Out of order write visibility can cause DCLP to fail. Remember, that
pInstance = new Singleton; does the following:

(1) Allocate memory (via operator new) to hold the Singleton object.
(2) Construct the Singleton object in the memory.
(3) Assign to pinstance the address off the memory.

Now suppose, processor A does these steps in this order. Processor B sees
the result of (3) before the result of (2), therefore goes on to use the
Singleton object as it would be initialized. (It is, but the cache was not	written out yet.)

C++ offers no guaranties that how different threads see the phenomenon above.
Some libraries, like POSIX offers some guaranties.

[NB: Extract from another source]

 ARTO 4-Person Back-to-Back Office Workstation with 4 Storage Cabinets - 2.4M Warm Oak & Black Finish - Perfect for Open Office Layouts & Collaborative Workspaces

Java memory model was revised to offer guaranties. Download the latest
documentation from http://www.cs.umd.edu/~pugh/java/memoryModel/jsr133.pdf.

The visibility problems described above can be prevented via the use of
memory barriers. Barriers are instructions that constraint the reads and
writes to allow readers and writers to develop some consistent strategy
on memory usage.

Readers use an acquire barrier to prevent subsequent source code memory
accesses moving before the barrier.

Writers use a release barrier to prevent prior source code memory access
moving after the barrier.

Then one can use a protocol of release/acquire. The release changes the
state of memory and the acquire guaranties that the reader see the new
state. Compilers may not reorder reads and writes that violates memory
barrier semantics. Runtime systems and hardware may also not violate that.

    Singleton *Singleton::instance()
    {
        Singleton *temp = pInstance;    // read pInstance

        Perform acquire;
        // prevent visibility of later memory operations
        // from moving up from this point

        if ( 0 == temp )
        {
            Guard<Mutex> guard(lock_);

            // this is now the critical section        

            if ( 0 == pinstance )   // re-check pinstance
            {
                temp = new Singleton;

                Perform release;
                // prevent visibility of earlier memory operations
                // from moving down from this point

                pinstance = temp;   // write pInstance
            }
        }

        return pinstance;
    }


Problem: memory barriers are not implemented on every hardware so
the code above is not portable.


Rule for Avoiding Memory Visibility Problems

Shared data should be accessed only if one of the following is true:
- The access is inside a critical section.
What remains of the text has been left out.